## Description of the task:
Print every record below exactly, minus the pictures.

## Task data:
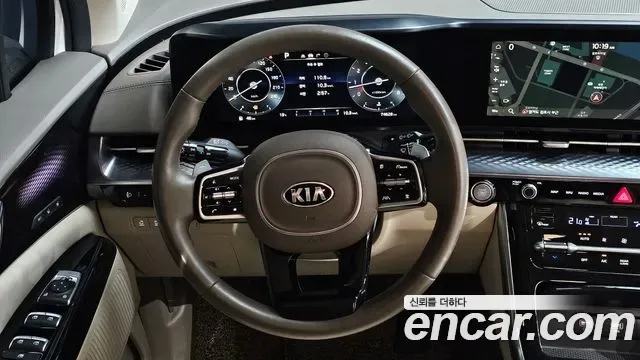 Kia Carnival бензин 9 мест Signature, миниатюра 9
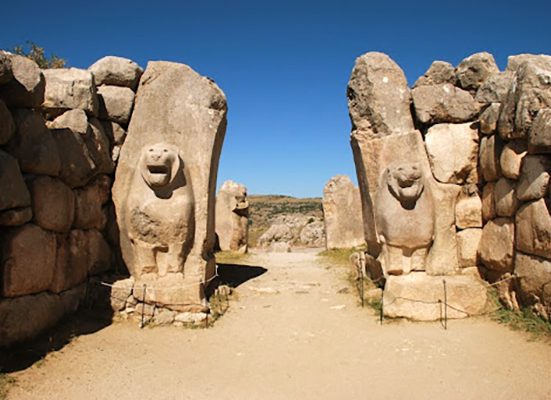 Hattuşa, Aslanlı Kapı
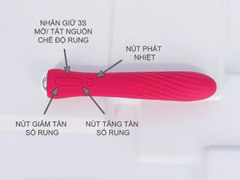 Máy Massage Điểm G Cao Cấp Svakom Anya Rung 5 Chế Độ Hàng USA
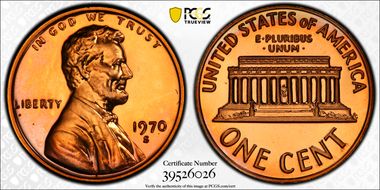 1970-S 1C LD DDO FS-113 (030.6) PR67RD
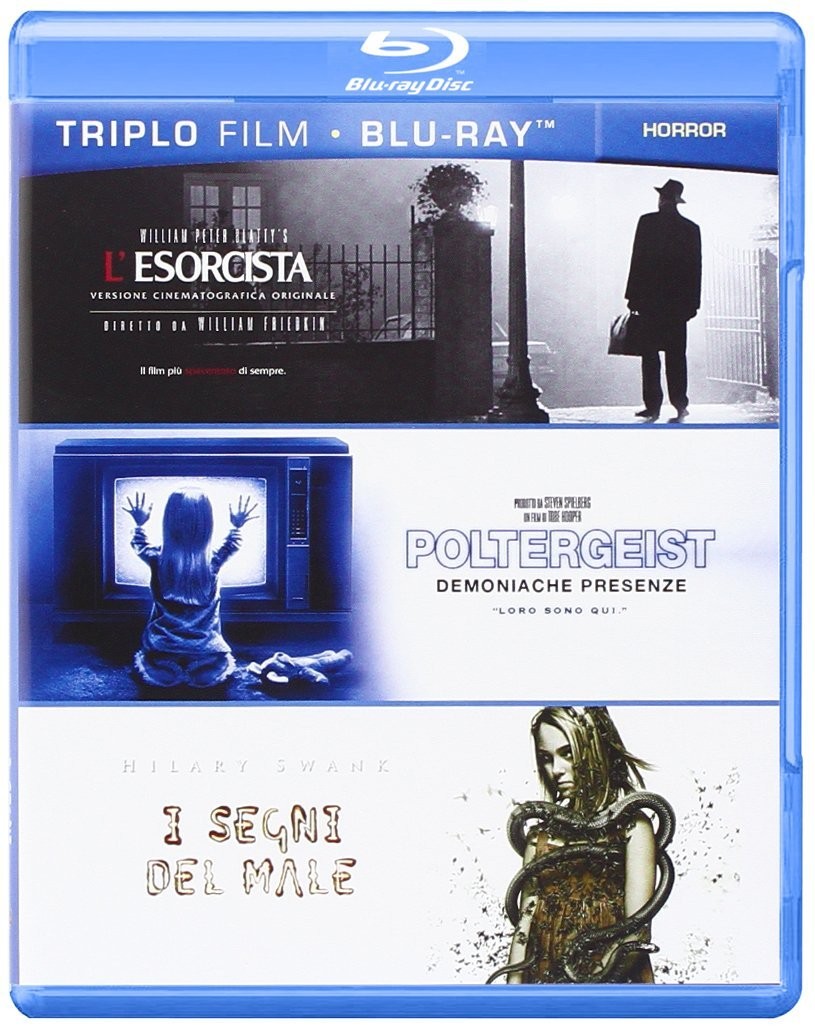 Horror: L'Esorcista, Poltergeist Demoniache presenze, I segni del male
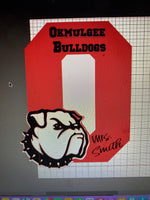 Custom local school signs- pick up from sister sister only
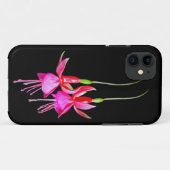 ホットピンク明るい赤紫色 Case-Mate iPhoneケース (裏面(横))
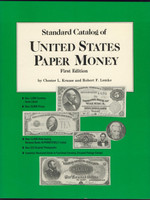 1981 Standard Catalog Of UNITED STATES Paper Money First Edition (204 Pages)  #*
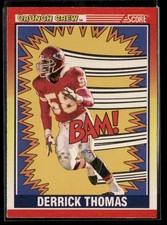 1990 Score #553 Derrick Thomas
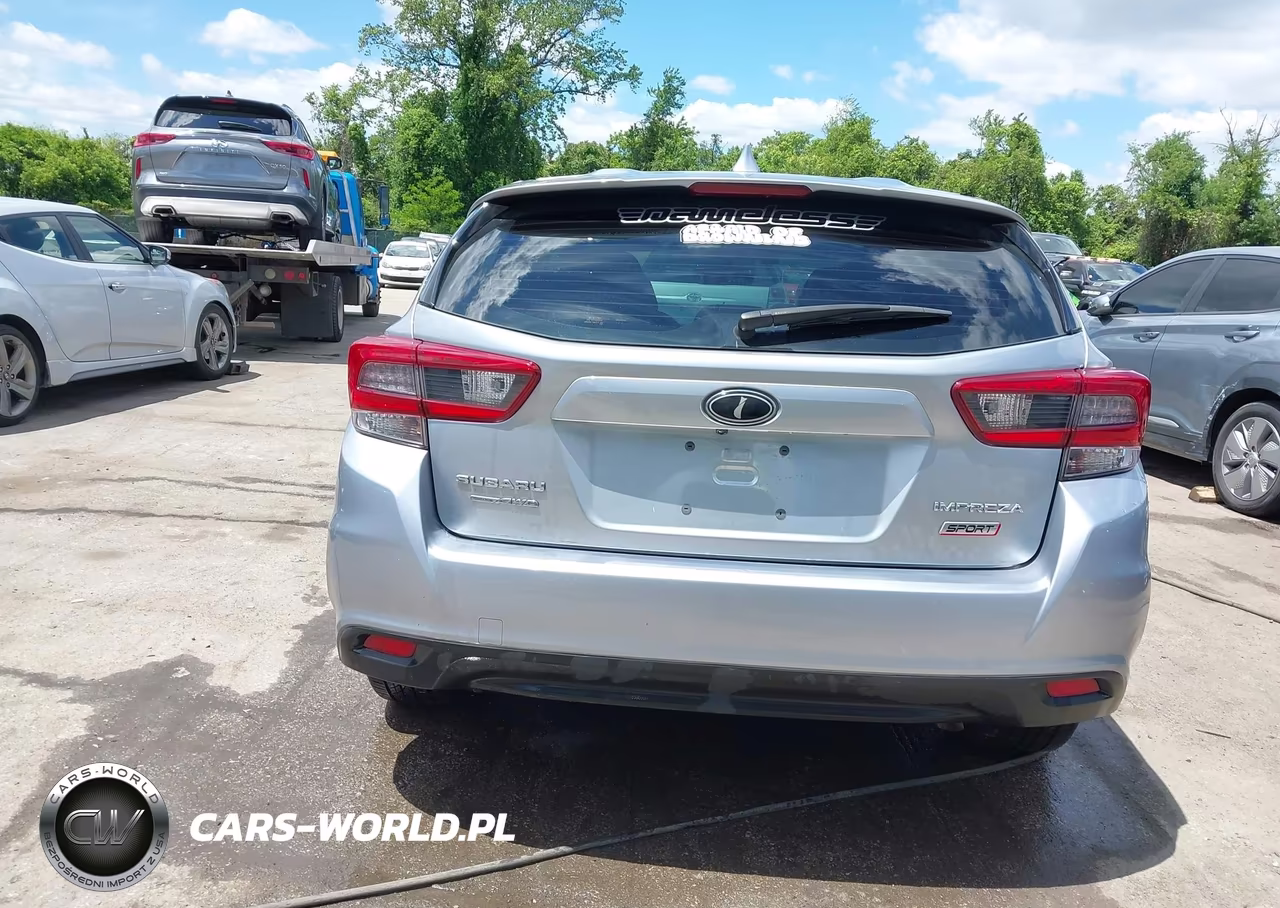 2022 Subaru Impreza Sport 5-Door VIN:4S3GTAL68N3727713 - 16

## Written solution:
 Kia Carnival бензин 9 мест Signature, миниатюра 9
 Hattuşa, Aslanlı Kapı
 Máy Massage Điểm G Cao Cấp Svakom Anya Rung 5 Chế Độ Hàng USA
 1970-S 1C LD DDO FS-113 (030.6) PR67RD
 Horror: L'Esorcista, Poltergeist Demoniache presenze, I segni del male
 Custom local school signs- pick up from sister sister only
 ホットピンク明るい赤紫色 Case-Mate iPhoneケース (裏面(横))
 1981 Standard Catalog Of UNITED STATES Paper Money First Edition (204 Pages)  #*
 1990 Score #553 Derrick Thomas
 2022 Subaru Impreza Sport 5-Door VIN:4S3GTAL68N3727713 - 16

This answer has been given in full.